A set is just a collection of distinct things, whether numbers, points, letters, or even other sets. We can speak of the set of all even numbers, or the set of planets in the Solar System. From this plain notion of gathering objects together, an entire mathematical universe can be constructed.
Set theory is often called the common language of mathematics, because the numbers, functions, and structures of nearly every field can all be defined in terms of sets. A whole number, a geometric point, even the operations of arithmetic, can be built up from sets, giving mathematics a single, unified foundation.

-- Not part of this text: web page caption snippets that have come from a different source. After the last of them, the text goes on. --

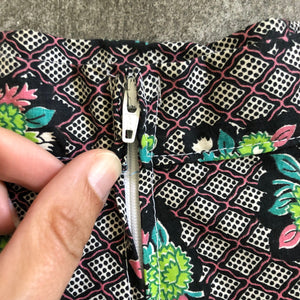 1940s 1950s style shorts . vintage floral print shorts . size s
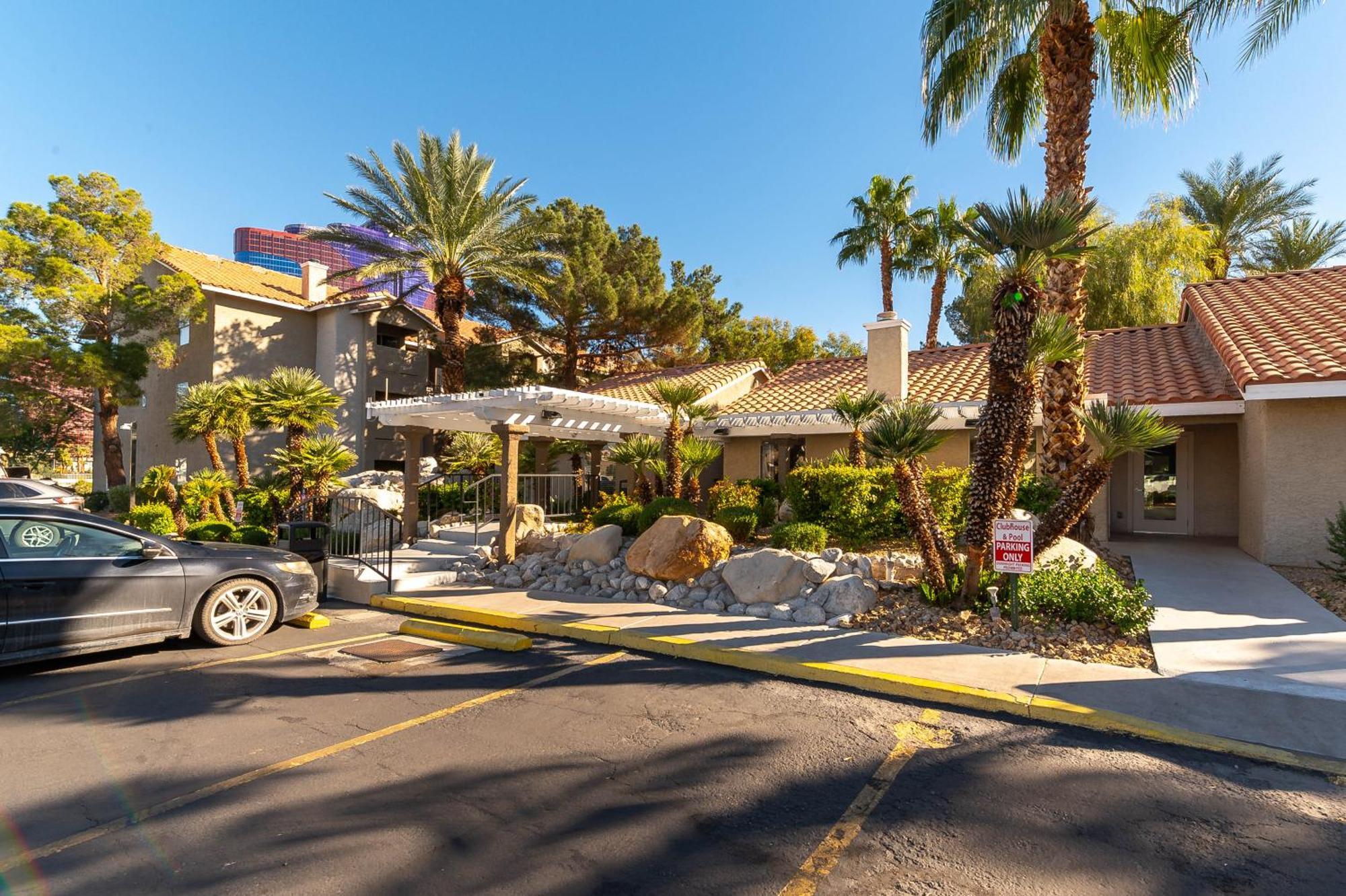 Stylish, Cozy 2Br,2Ba Condo Near Rio, Vegas Luxury Las Vegas Eksteriør billede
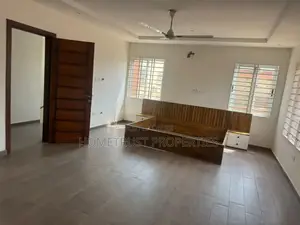 3bdrm Bungalow in Home Trust, Mile 7 for rent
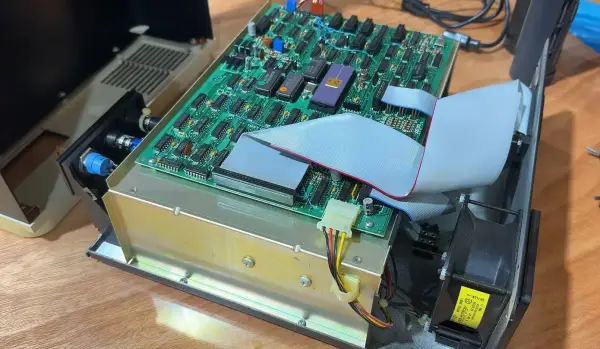 Головна 104 12-мегабайтний зовнішній жорсткий диск TRS-80 1983 року: погляд у минуле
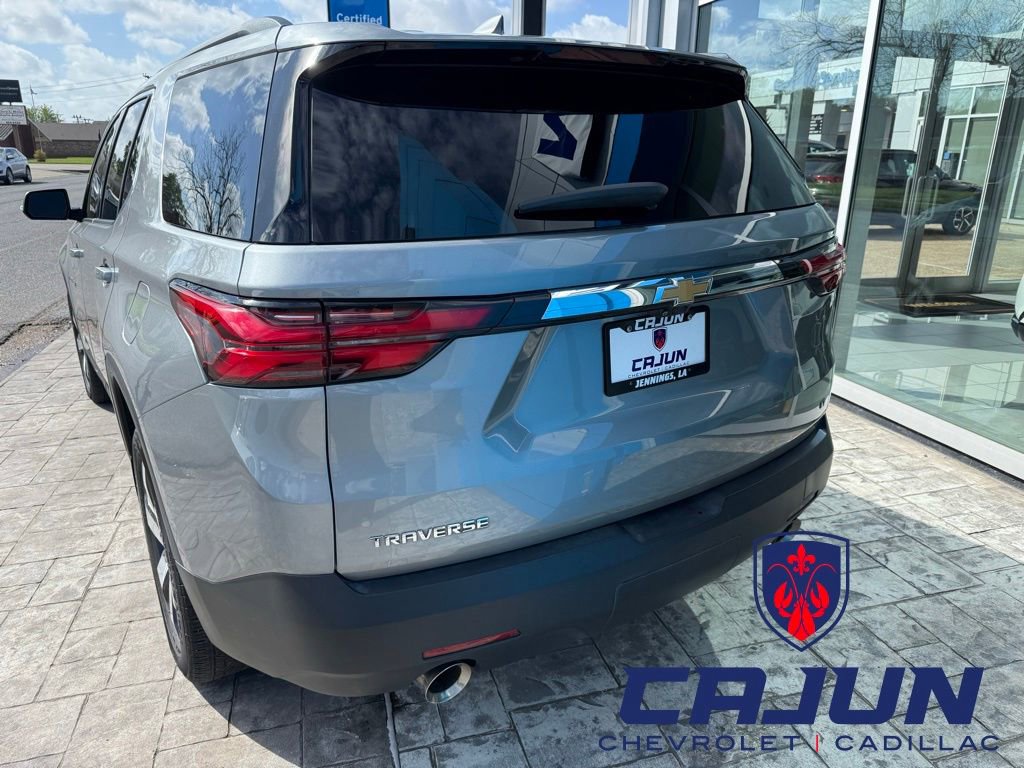 Used 2023 Chevrolet Traverse LT w/ LT Premium Package image 3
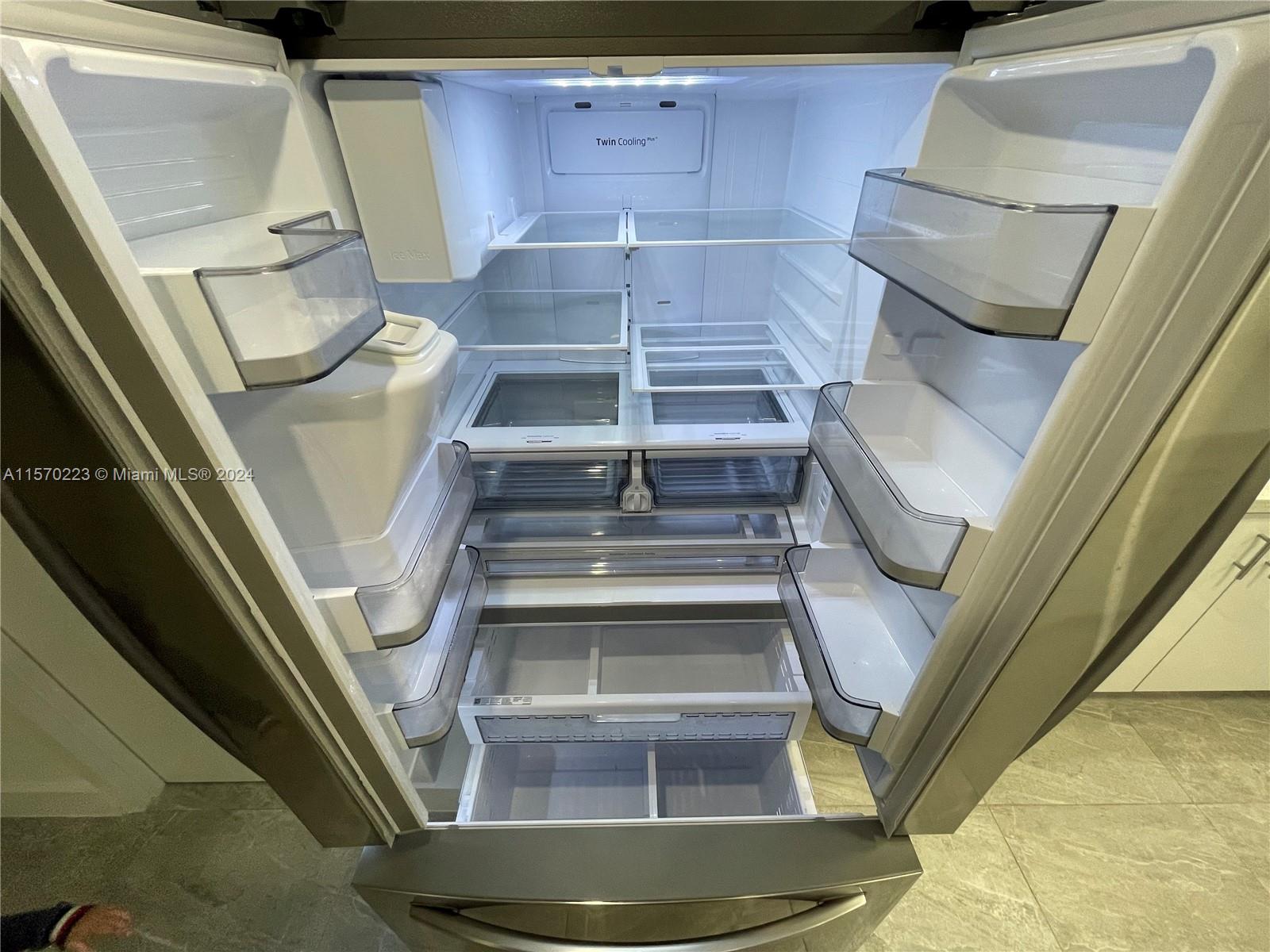 2000 Atlantic Shores Blvd 310, Hallandale Beach, Florida 33009, 2 Bedrooms Bedrooms, ,2 BathroomsBathrooms,Residential,For Sale,2000 Atlantic Shores Blvd 310,A11570223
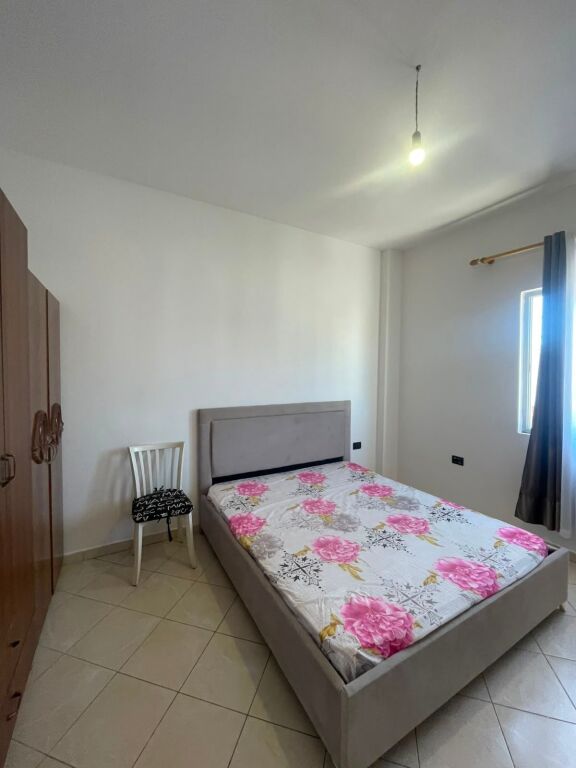 Apartament me qera 1+1, Ish kenete, Durrës!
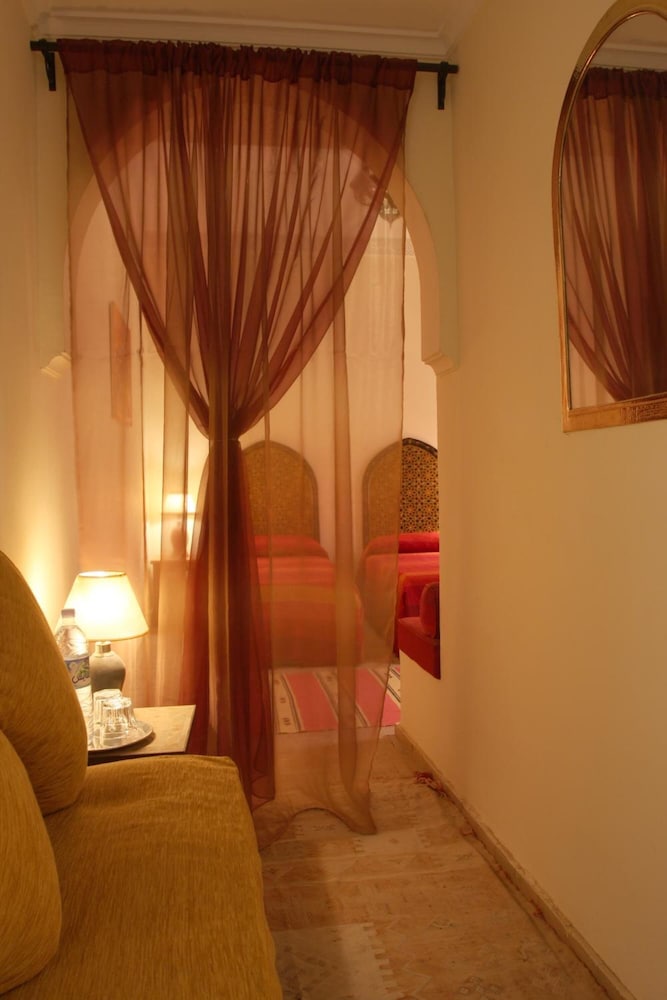 RIAD PETIT KARMELA 18/46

The theory was created in the 1870s by the German mathematician Georg Cantor. His most startling discovery was that infinity comes in different sizes. He showed that the infinity of the whole numbers is genuinely smaller than the infinity of points on a line, an idea so bold it shocked his contemporaries.
Cantor found a way to compare infinite collections by trying to pair their members one to one. The whole numbers and the fractions can be so paired, he showed, but the points on a line cannot; there are simply too many. Some infinities, astonishingly, are larger than others, and there is no largest of all.
Early set theory ran into trouble. Bertrand Russell asked about the set of all sets that do not contain themselves: does it contain itself? Either answer leads to a contradiction. Such paradoxes showed that the naive idea of forming any set whatsoever was dangerously flawed and needed careful repair.
To resolve the paradoxes, mathematicians built careful systems of axioms, precise rules that say exactly which sets may be formed and how. The resulting framework, refined over decades, provides a secure foundation for mathematics, allowing the free use of sets while shutting the door on contradiction.
Set theory also raises questions that turn out to be undecidable: they can be neither proved nor disproved from the standard axioms. The most famous, the continuum hypothesis, asks whether any infinity sits between the whole numbers and the points on a line. Such results reveal surprising limits to mathematical certainty.
Set theory underpins logic, the definition of numbers, and the structures of every mathematical field, usually quietly, in the background. From the simple act of gathering objects together grew a theory that supports the entire edifice of modern mathematics and continues to probe the very nature of infinity.